A rebel spokesman said the NATO air strike had killed 32 Gaddafi loyalists in Zlitan, where Khamis Gaddafi's elite 32nd Brigade is believed to have been leading the defence of the approaches to Tripoli, 160 km (100 miles) away.

NATO said it had targeted a command-and-control target in the Zlitan area but "cannot confirm anything right now because we don't have people on the ground".

Rebels who cleared Gaddafi's forces from Libya's third-largest city Misrata after weeks of intense fighting have been trying to push westwards and take Zlitan, which would open the coastal road toward his Tripoli stronghold.

Khamis has been "killed" twice in the past six months: Arab media reported in March that he had died in a kamikaze crash by a disaffected Libyan air force pilot. Libyan state television countered with pictures of a man resembling Khamis, which it said disproved the report of his death.

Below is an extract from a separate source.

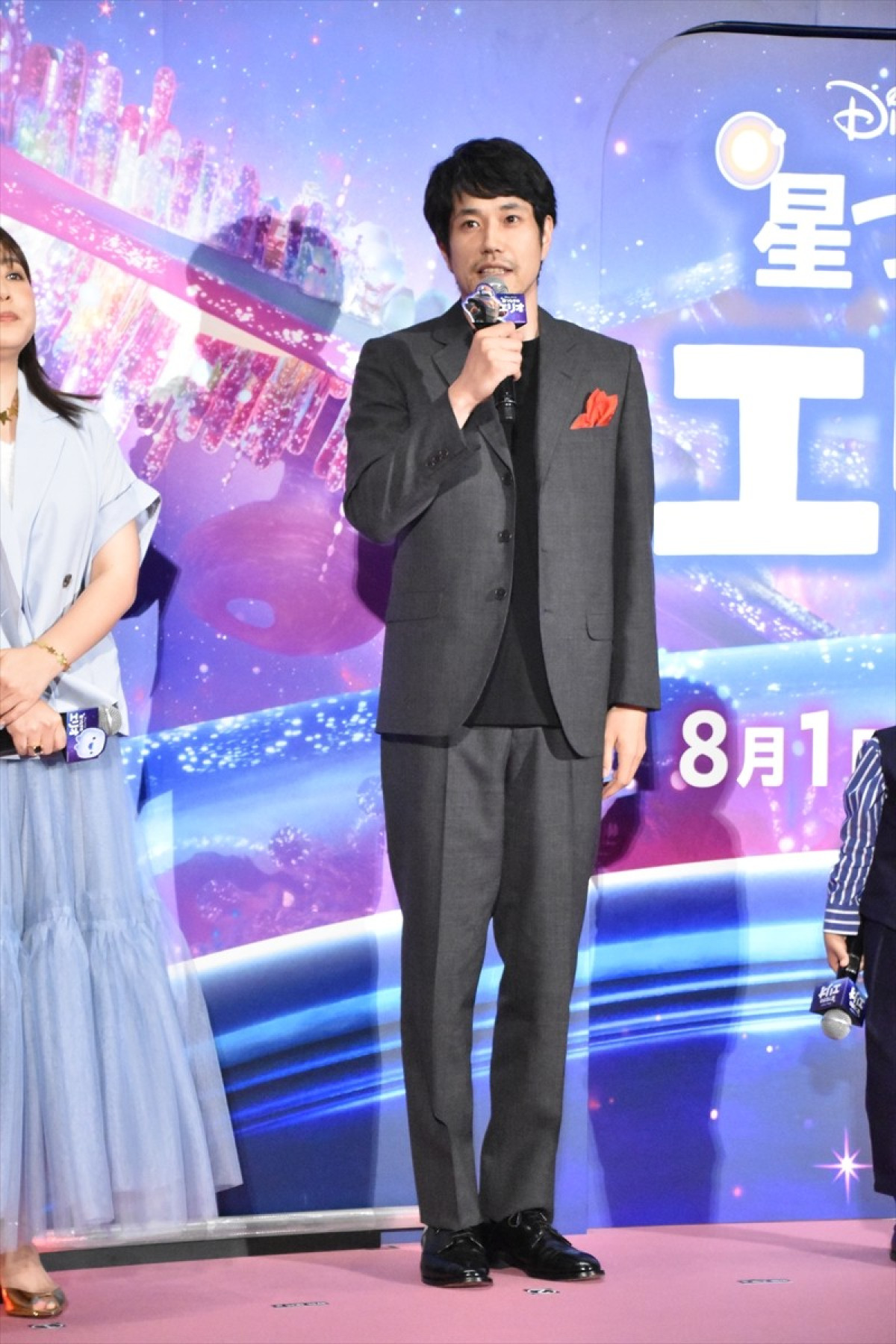 松山ケンイチ、“自分史上最悪の敵役”でピクサー『星つなぎのエリオ』出演「超嬉しい！」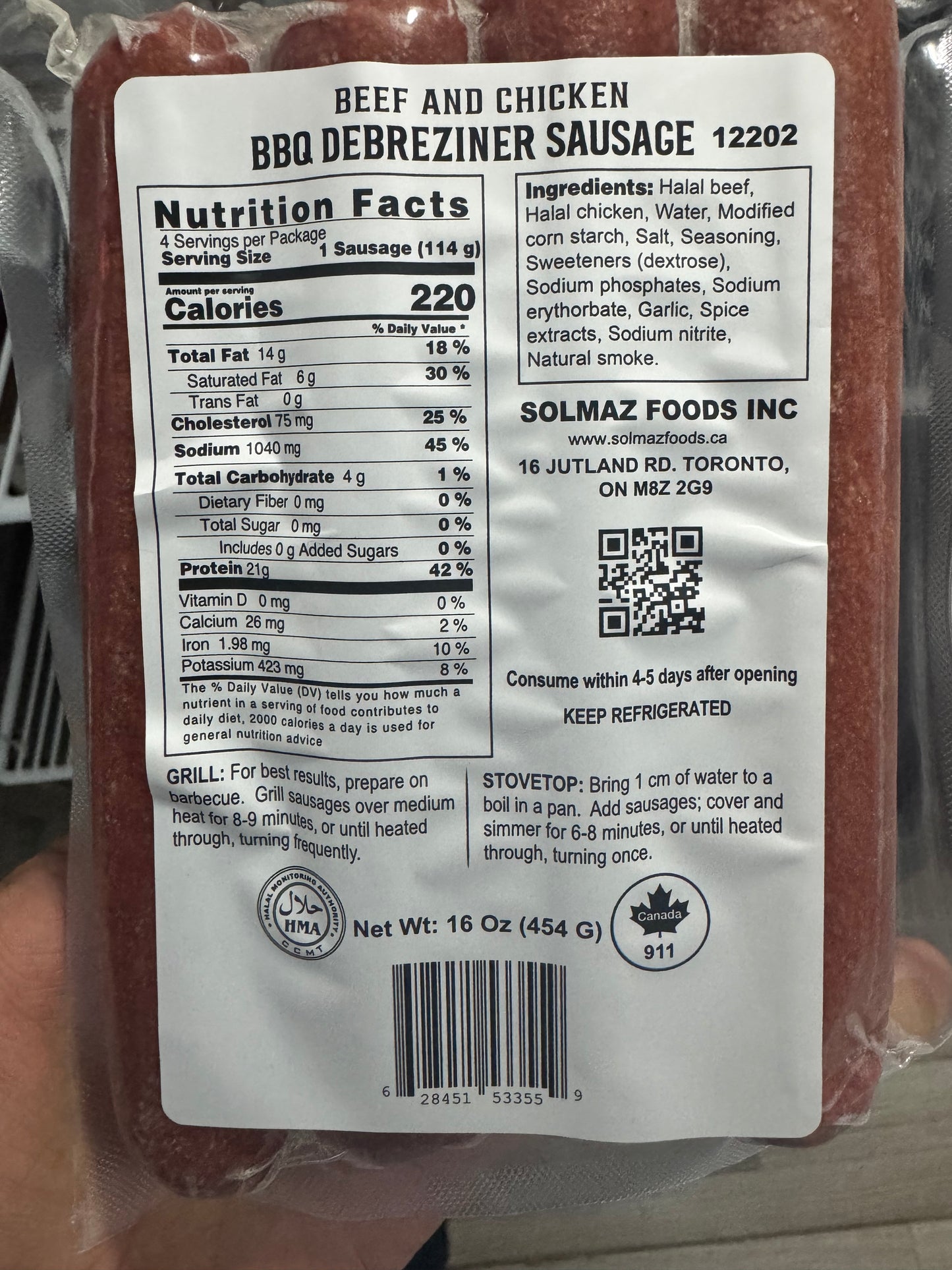 Zabiha Halal Hand-Cut BBQ Sausage- 16oz Retail Pack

The government said earlier this year that a NATO strike in Tripoli had killed Gaddafi's son Saif al-Arab, who unlike Khamis did not have a high public profile or a major leadership role.

Gaddafi has kept control of the capital despite severe fuel shortages and rebel advances backed since March by Western air strikes, assault helicopter attacks and naval bombardments.

The rebels face numerous problems, from stalling battlefield momentum to internal splits, exposed starkly last week when military chief Abdel Fattah Younes was assassinated behind his own lines in circumstances yet to be explained.

Near the capital, rebels also control the Western Mountains southwest of Tripoli. A rebel official there, Colonel Juma Ibrahim, told Reuters his forces had set an ultimatum to the surrounded town of Tiji to surrender or face attack on Saturday.

Rebels were using loud-hailers to appeal to a tribal chief close to Gaddafi to evacuate civilians from Tiji and broker the withdrawal of pro-Gaddafi forces.

"If he does not comply, we will attack," said Ibrahim.